6.2 Factoring transactions: In the case of factoring on “with-recourse” basis, the exposure shall be reckoned on the assignor. In case of factoring on “without-recourse” basis, the exposure shall be reckoned on the debtor, irrespective of credit risk cover/protection provided, except in cases of international factoring where the entire credit risk has been assumed by the import factor.

6.3 Exposures to Central Counterparties:

  1. The exposures to Central Counter Parties (CCPs), on account of derivatives trading and securities financing transactions outstanding against them shall be assigned zero exposure value. However, these exposures will be subject to the regulatory reporting requirements as defined in paragraph 7.

  2. Amount of the collaterals with CCPs shall be reckoned for arriving at the exposure limit.

  3. Other exposures: Other types of exposures such as equity stake, funding facilities, credit facilities, guarantees etc., shall be measured according to the rules set out in this framework, as for any other type of counterparty. These exposures shall be added together and be subjected to the LE limit.

6.4 Breach

  1. Any breach of Large Exposure limits shall be under exceptional conditions beyond the control of NBFC-UL, and it shall be reported to RBI (Department of Supervision, Central Office) immediately and rapidly rectified.

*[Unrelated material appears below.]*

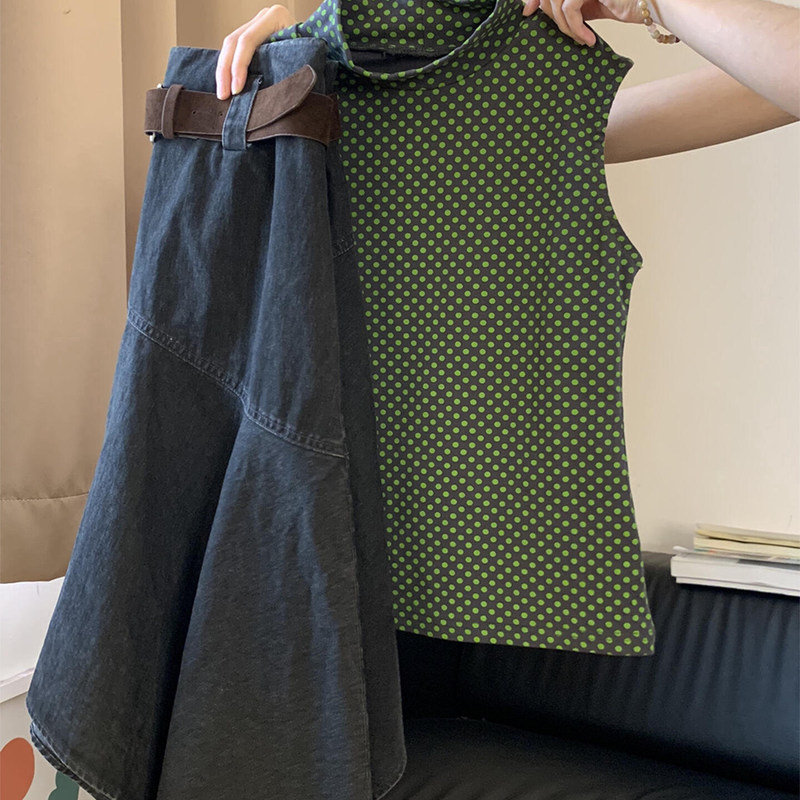 Korean Retro Green Polka Dot Sleeveless Vest for Women, Summer Irregular Denim Skirt, Very Beautiful Set Korean Retro Green Polka Dot Sleeveless Vest for Women, Summer Irregular Denim Skirt, Very Beautiful Set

  2. NBFC-UL cannot undertake any further exposure (at the entity or group level, as the case may be) until it is brought down within the limit.

  3. Failure to comply with the exposure limit may lead to imposition of penalties on the NBFC-ULs by the supervisor.

7 Regulatory reporting

NBFC-UL shall report its Large Exposures to the Reserve Bank (Department of Supervision, Central Office) as per the reporting template given in Appendix 1. The LEF reporting shall cover the following:

  1. all exposures, meeting the definition of large exposure;

  2. all other exposures, measured as specified in paragraph 6 of this framework without offsetting exposure value with credit risk transfer instruments, where values stand equal to or above 10 percent of the NBFC-UL’s eligible capital base;

  3. all the exempted exposures with values equal to or above 10 percent of the NBFC-UL’s eligible capital base;

  4. 10 largest exposures included in the scope of application, irrespective of the values of these exposures relative to the NBFC-UL’s eligible capital base.

8 Implementation date and transitional arrangements

These instructions will be applicable from October 1, 2022. Once NBFC-UL is subject to LEF, credit concentration norms in respect of single/group of borrowers contained in Master Direction - Non-Banking Financial Company - Systemically Important Non-Deposit taking Company and Deposit taking Company (Reserve Bank) Directions, 2016 shall no longer be applicable to NBFC-UL.